===== MATERIAL FOR THIS EXERCISE =====
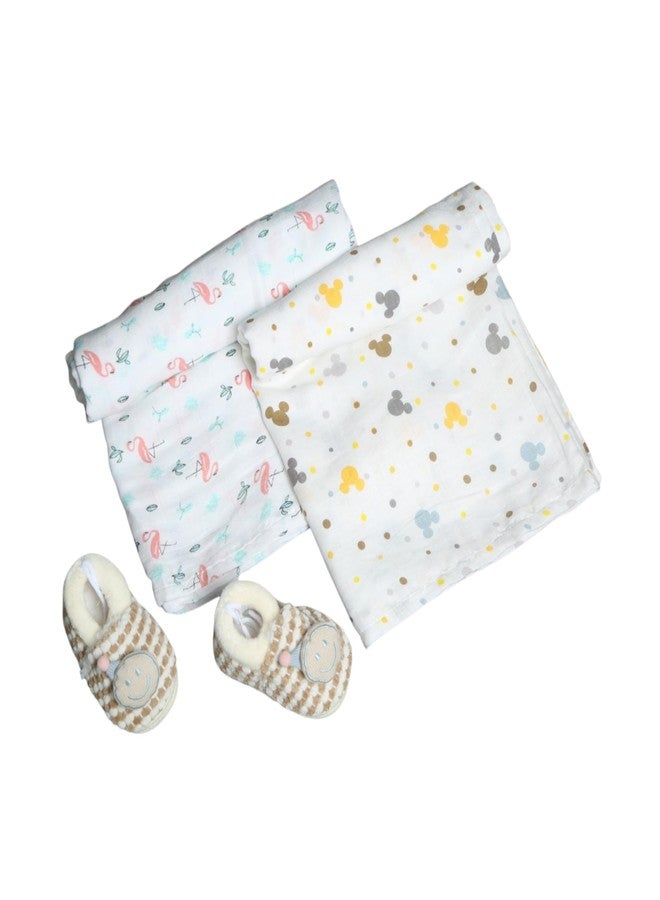 Coocuddle Bamboo Muslin Swaddle: Flamingo and Cartoon - Set of Two, Organic Cotton, Soft & Breathable, Ideal for Newborns, Perfect for Swaddling, Daily Use & Baby Sleep - Image 1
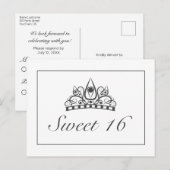 Sweet 16 Party RSVP Aankondiging uitnodiging (Voorkant / Achterkant)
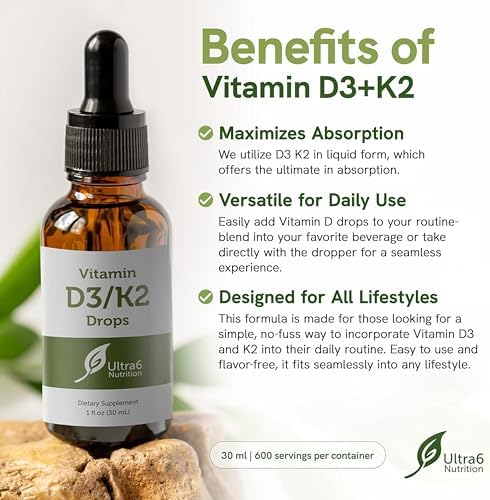 Ultra6 Nutrition Gotas de Vitamina D y K2 - Suplemento Líquido de Vitamina D3 con K2 para Adultos - Fácil de Tomar, Sin Sabor, Alta Absorción, Hecho - imagen 2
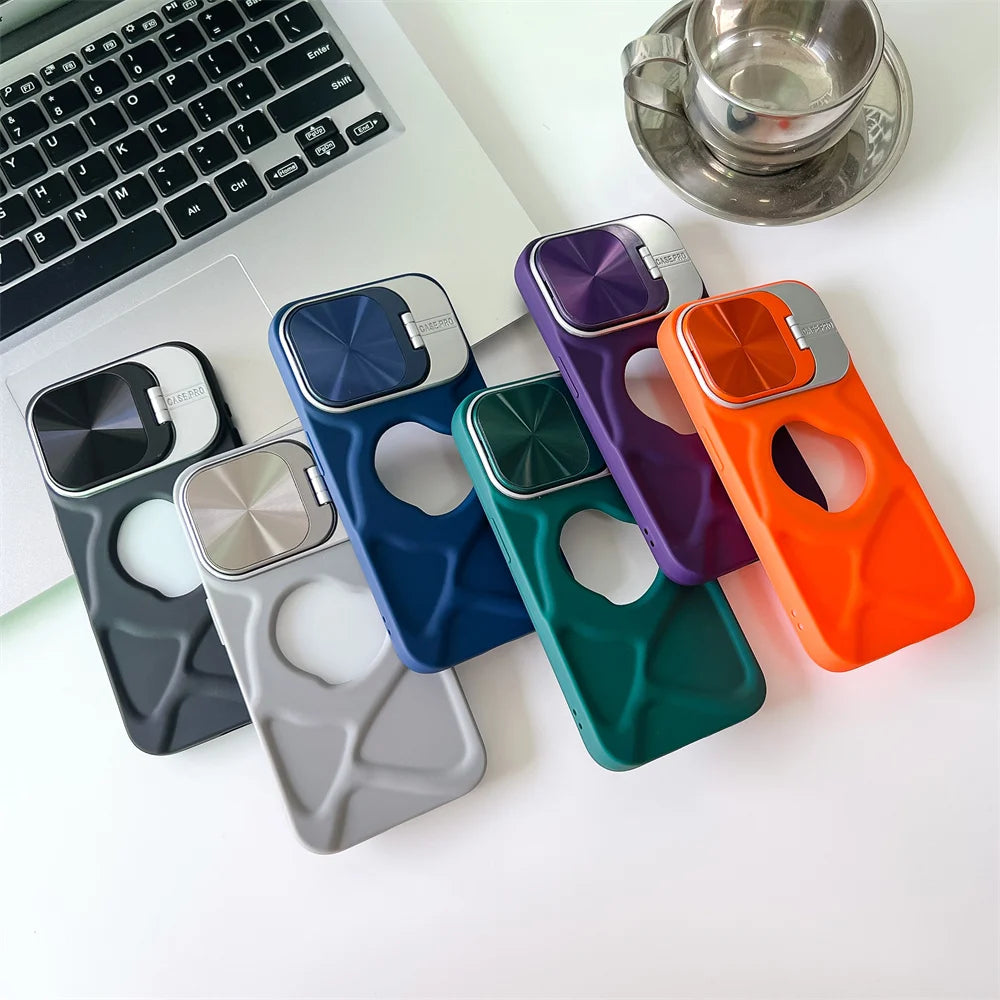 Fashion Logo Hole Magnetic Case for iPhone 17Air 12 13 14 15 16 17 Pro Max Plus Lens Protection Stand For Magsafe Silicone Cover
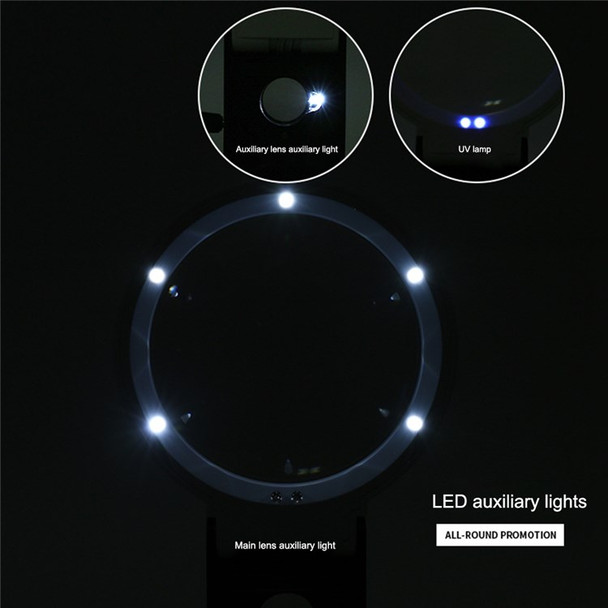 7018A 80mm Folding Magnifier with UV LED Light, 6X 25X Magnifying Glass for Jewelry Diamonds Cash Money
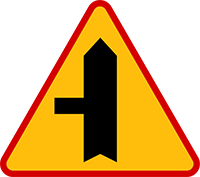 Znak A-6c Skrzyżowanie z drogą podporządkowaną występującą z lewej strony.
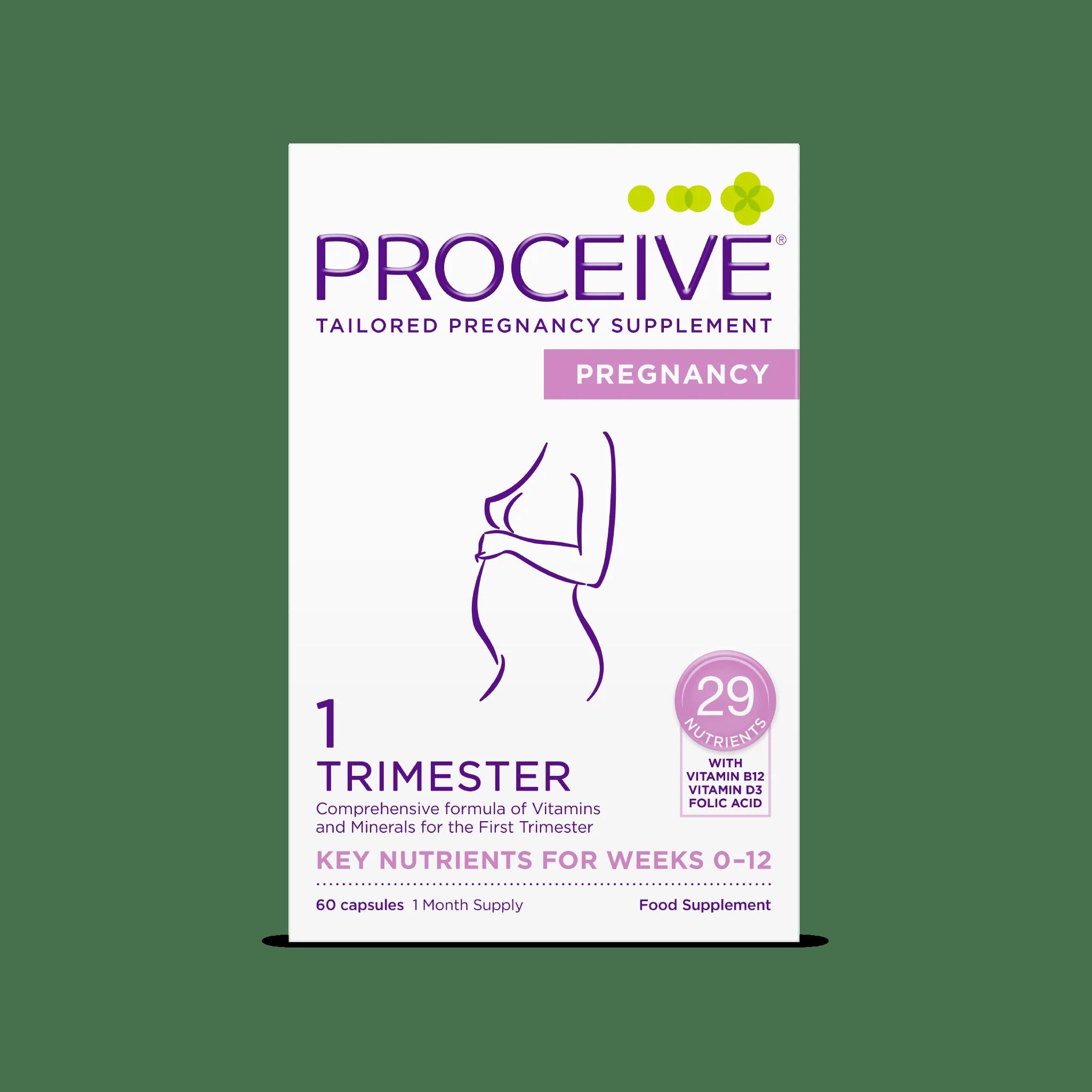 Proceive Pregnancy Trimester 1 - 60 Capsules | Vitamins & Minerals | Folic Acid, Vitamin B12, Vitamin D3 | Image Features: Pregnancy, 29 Nutrients, Vitamin B12, Vitamin D3, Folic Acid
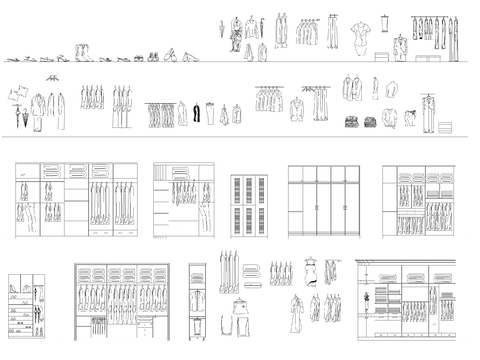  衣服衣橱柜衣架cad图库 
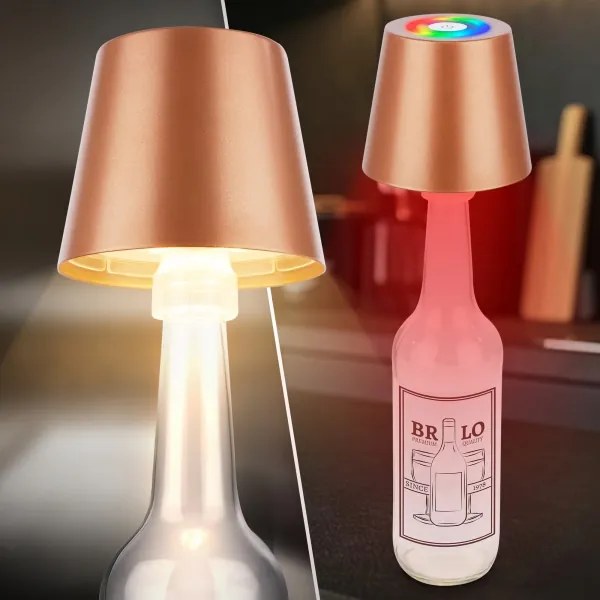 Briloner 7510013-LED RGB Lampă de masă dimabilă CALIDA 2,5W/5V IP44 1200mAh bronz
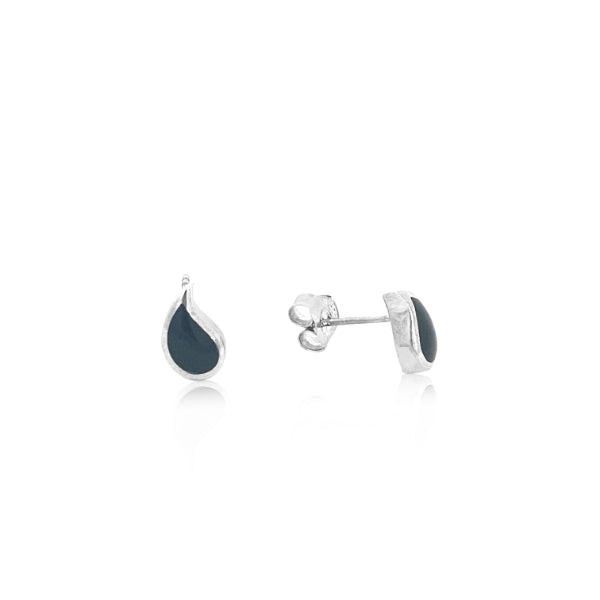Tear shaped onyx stud earrings in sterling silver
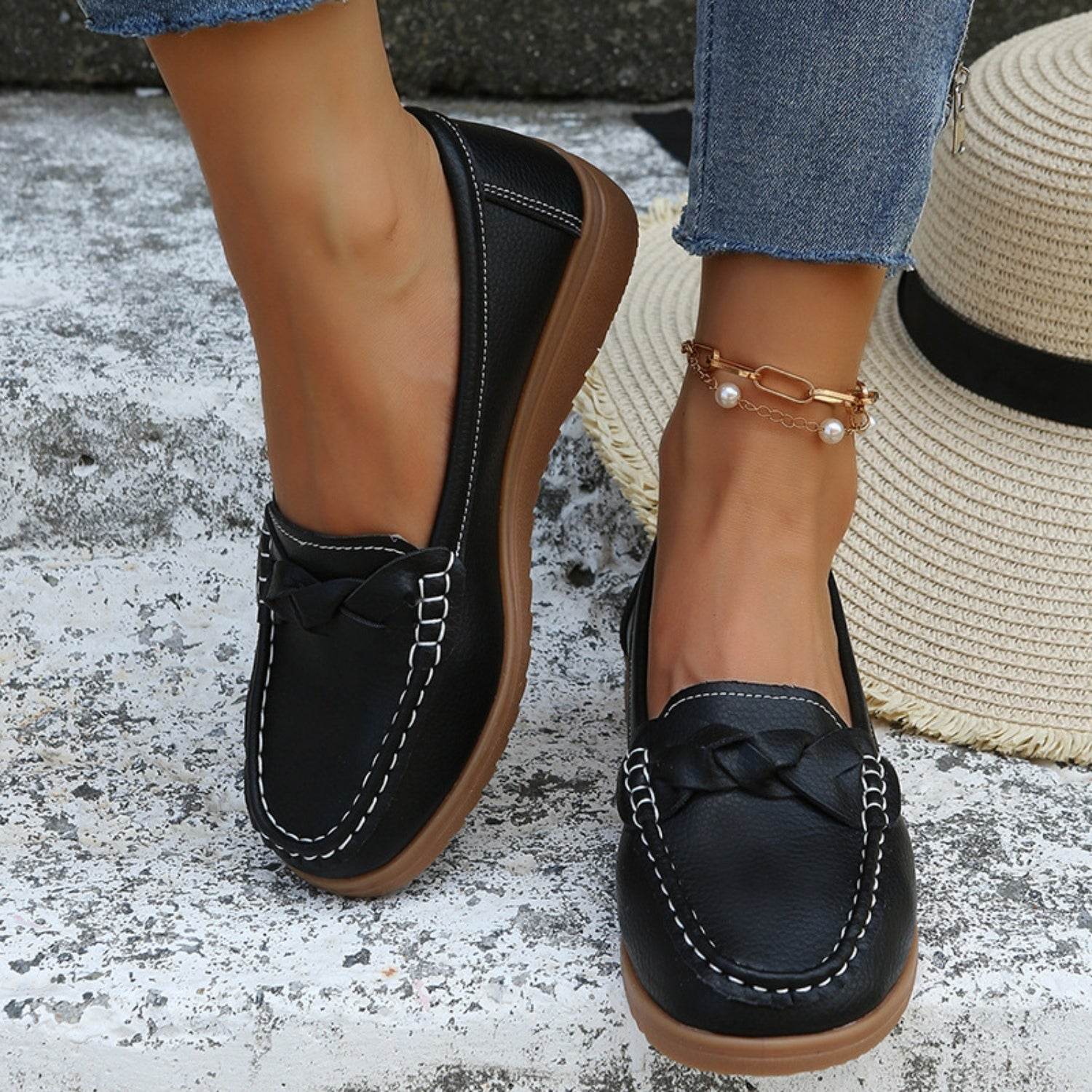 Weave Wedge Heeled Loafers - Delanoir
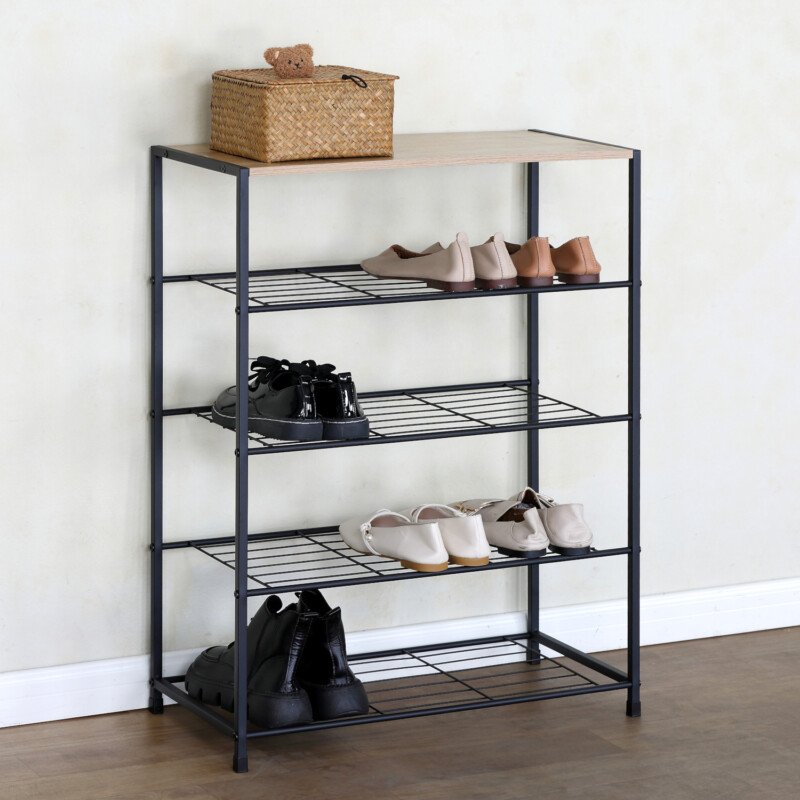 Παπουτσοθήκη ArteLibre KINGSWELL Δρυς/Μαύρο Μοριοσανίδα/Μέταλλο 63x30x83cm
=====
■ **ACTION ITEM**
Transcribe each entry exactly; images stay out.

■ **RESPONSE TO THE TASK**
 Coocuddle Bamboo Muslin Swaddle: Flamingo and Cartoon - Set of Two, Organic Cotton, Soft & Breathable, Ideal for Newborns, Perfect for Swaddling, Daily Use & Baby Sleep - Image 1
 Sweet 16 Party RSVP Aankondiging uitnodiging (Voorkant / Achterkant)
 Ultra6 Nutrition Gotas de Vitamina D y K2 - Suplemento Líquido de Vitamina D3 con K2 para Adultos - Fácil de Tomar, Sin Sabor, Alta Absorción, Hecho - imagen 2
 Fashion Logo Hole Magnetic Case for iPhone 17Air 12 13 14 15 16 17 Pro Max Plus Lens Protection Stand For Magsafe Silicone Cover
 7018A 80mm Folding Magnifier with UV LED Light, 6X 25X Magnifying Glass for Jewelry Diamonds Cash Money
 Znak A-6c Skrzyżowanie z drogą podporządkowaną występującą z lewej strony.
 Proceive Pregnancy Trimester 1 - 60 Capsules | Vitamins & Minerals | Folic Acid, Vitamin B12, Vitamin D3 | Image Features: Pregnancy, 29 Nutrients, Vitamin B12, Vitamin D3, Folic Acid
  衣服衣橱柜衣架cad图库 
 Briloner 7510013-LED RGB Lampă de masă dimabilă CALIDA 2,5W/5V IP44 1200mAh bronz
Tear shaped onyx stud earrings in sterling silver
 Weave Wedge Heeled Loafers - Delanoir
 Παπουτσοθήκη ArteLibre KINGSWELL Δρυς/Μαύρο Μοριοσανίδα/Μέταλλο 63x30x83cm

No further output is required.